Byram Pool Neighbor: Think Twice on Jr. League’s Disney Land Ambitions

The following letter was submitted by Judy Crystal, a Byram Park neighbor and longtime Greenwich resident:

What passes for a public pool in Byram Park is woefully inadequate, ecologically unsound, a source of pollution, and an embarrassment to our town.  What is currently being proposed by several vocal members of the Junior League is appallingly out of scale, a financial quagmire of massive proportion – and an embarrassment to our town.

As a ten-year resident of Byram (and a more than four-decades citizen of Greenwich) I understand that the pool needs to be replaced.

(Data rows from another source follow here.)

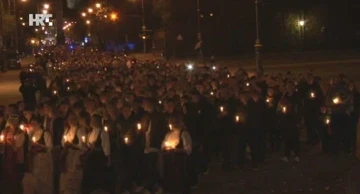 Prvi mimohod za Vukovar u inozemstvu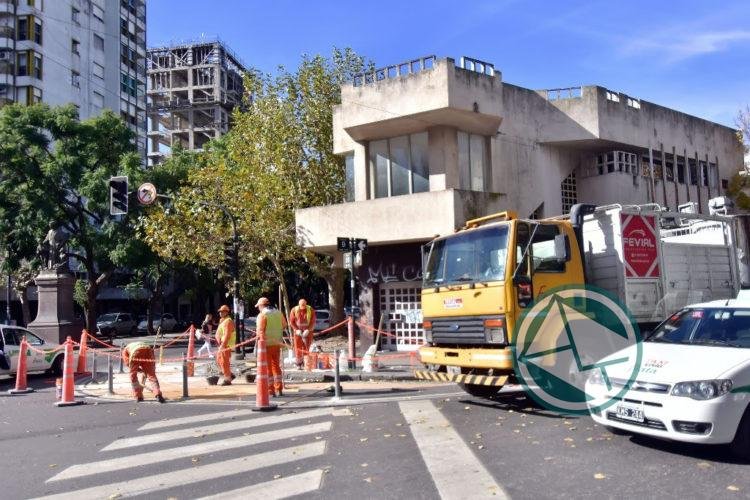 La Plata impulsa programa para acondicionar las diagonales de la Ciudad La Plata impulsa programa para acondicionar las diagonales de la Ciudad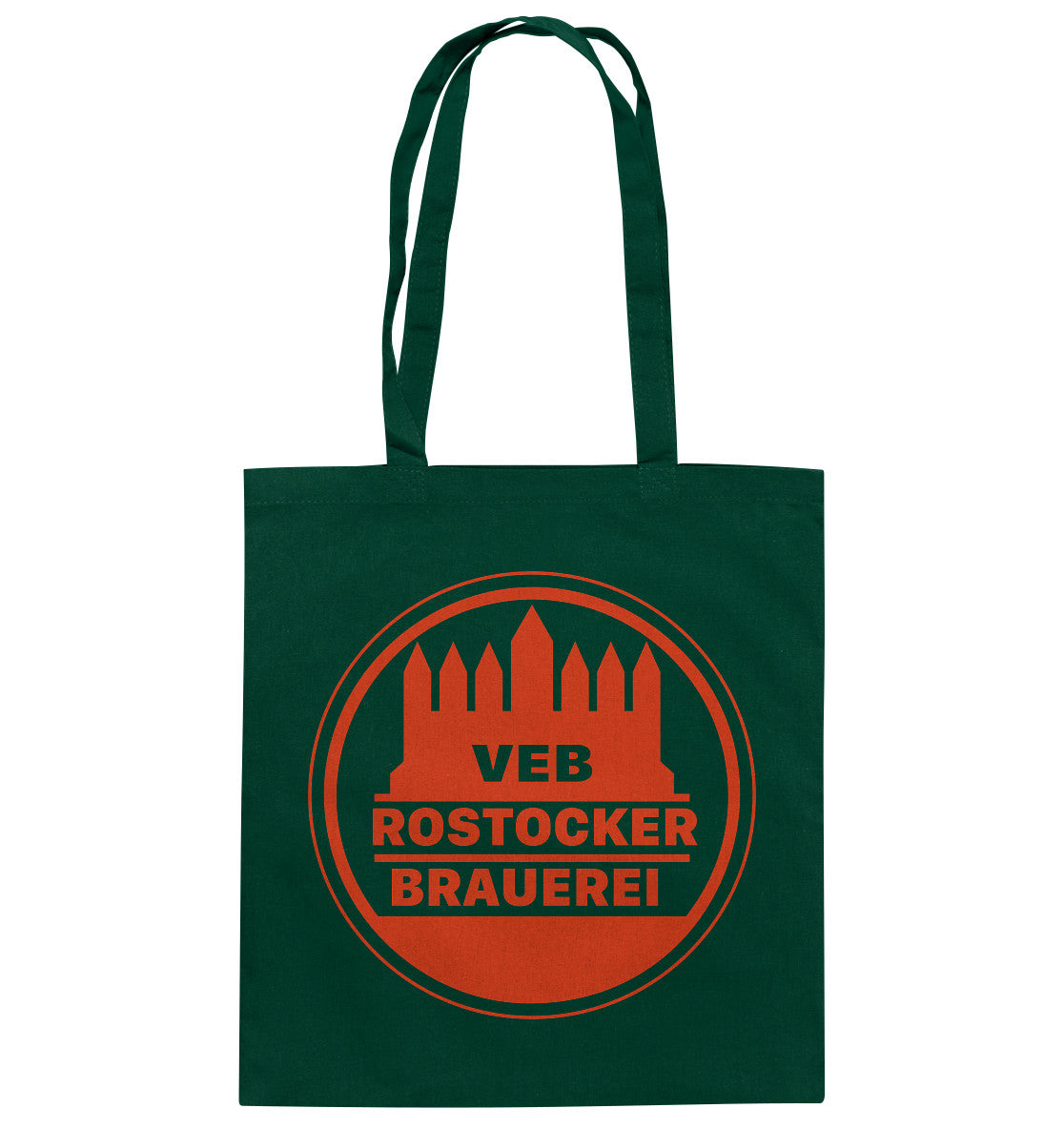 BAUMWOLLTASCHE • VEB ROSTOCKER BRAUEREI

Pollution of the surrounding soil has been ongoing.  Agreeing that a larger capacity is a good idea, I find the proposal as currently stated absurd.

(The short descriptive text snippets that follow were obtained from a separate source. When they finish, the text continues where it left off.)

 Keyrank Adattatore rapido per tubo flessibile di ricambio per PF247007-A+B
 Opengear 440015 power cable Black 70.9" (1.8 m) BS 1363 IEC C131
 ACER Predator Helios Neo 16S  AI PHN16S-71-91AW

We might look to New Canaan, where a renovated pool facility, woefully underused, has led to a lottery for 100 families from Norwalk, Bridgeport and Stamford, whose revenue is needed to keep the new pool’s balance sheet only slightly in the red.  And the New Canaan facility cost only $3.8 million.

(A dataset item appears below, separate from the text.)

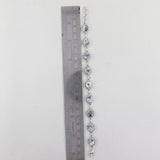 925 Sterling Silver Dendritic Opal Bracelets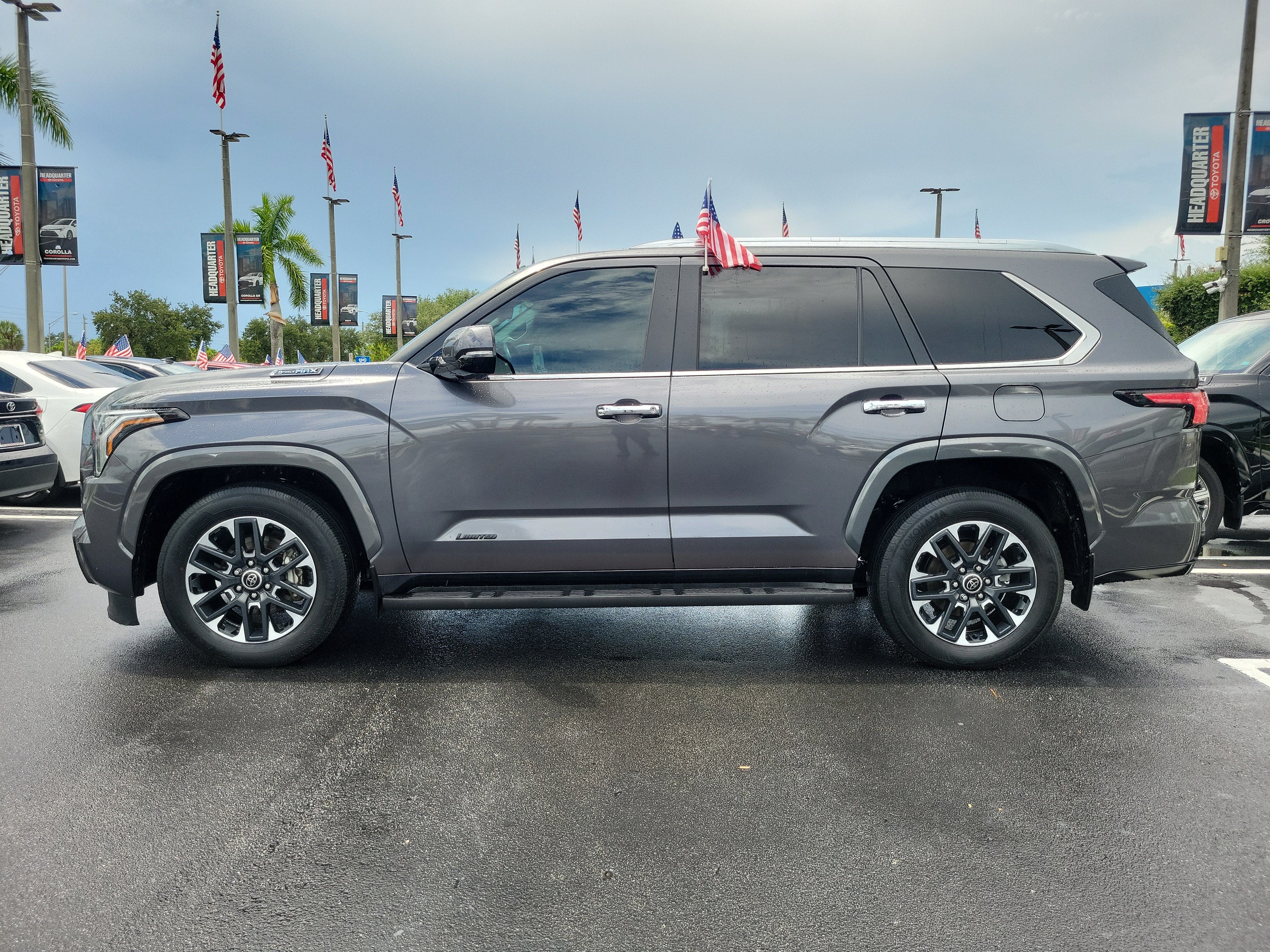 2024 Toyota Sequoia Limited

Not included in any of the figures I’ve been able to procure are the added costs of more lifeguards and the costs accruing to their hire and retention, more sanitation help, not merely for the pool surround, but for the proposed locker rooms, (and, while I’m at it, who’s supposed to be using those locker rooms?) and increased insurance costs for both liability and structural insurance. (Anyone in the area can tell you about the huge increase in insurance rates since Hurricane Sandy.)  There are tax implications for all Greenwich taxpayers that ought to be made explicit before the project is undertaken.

Hurricane Sandy has made rebuilding/enlarging the facility in its current location impossible.  Therefore, siting the pool at the old Ritch quarry may be inevitable.  However, the question of soil remediation far outstrips the current 18-inch depth that was examined…and that, we’ve been told, carries a $1.8 million dollar price tag.  No mention has been made of radon pollution, although much of the park is on ledge (n.b. the quarry).  Is this another “unexpected” cost – such as those we’ve seen at Greenwich High School?

From an esthetic point of view, a larger pool, its surround, a larger concession stand and increased parking to allow access to the greatly increased number of swimmers will blacktop a considerable area in what now is a much needed green space in our community.  The small buildings that will be demolished in no way match the amount of grass that will be covered with concrete and macadam.  To understand how much Byram residents treasure our park, just come down on a Sunday afternoon.  The delicate pastel rendering of a pool sent to League members totally disregards the surrounding area (including the presence of tractor-trailers on Ritch Avenue West, the immediacy of I-95 and the legally required fencing of pools.)

The cost factor, even with no actual plans on the table, has escalated by more than 30 per cent since the original proposal was made.  The Junior League’s promised $125,000 for each of two years isn’t even a drop in the bucket (pool). In addition, it demands that the League have final approval of plans before any of their moneys are released.  I would also like to point out that the League is a volunteer organization, whose fundraising has, until now, been an appropriate backdrop to planned activities.  With no capital campaign structure in place, I question whether even their $2.5 million dollar contribution will be realized.

Even with the public’s notoriously short attention span, surely enough of us remember the politicians’ promise that no new capital projects would be undertaken until the books were closed on Witherell, MISA and the Central Fire Station to put this new expense on a back burner.  There are several voices within the Junior League who are using scare tactics to push members into compliance with their Disney World ambitions.

It is my dream that our town will respond intelligently and responsibly to whatever proposals are made.  That a renovated pool is needed is absolutely true.  That one that serves 500 people complete with kiddie pool and splash pad (think insurance on that one!) is not only not needed, it is patently ridiculous. We are about to publish a new plan for land use and open space.  Paving over much of Byram Park will cause a revision before the ink is even dry.

Please, think twice before spending other people’s money.  After all, it is your money and mine as well.

 

  • Patty Sechi

    Judy makes some good points that I had not thought about of late, and many that I did not know. I did see preliminary drawings a couple of years ago, and it looked rather like a country club atmosphere and very different from the feel of the peaceful, understated park that I have known for 30 years. Have the plans gone even further? As the writer states, the pool is not adequate as it is, but is there a possible plan B that might be less grand than the current plan? Maintenance and sustainability are definitely important considerations, as our town is already stretched trying to care for the parks as they are.

    • greenwichfreepress

      One reason the pool is designed to be so “big” is that it’s ADA compliant, and therefore a “zero entry” pool, which means it is possible to walk from the pool deck to the pool’s full depth of 5.5 ft without steps or a ladder. That also means more staffing, because the bigger the pool, the more the lifeguards.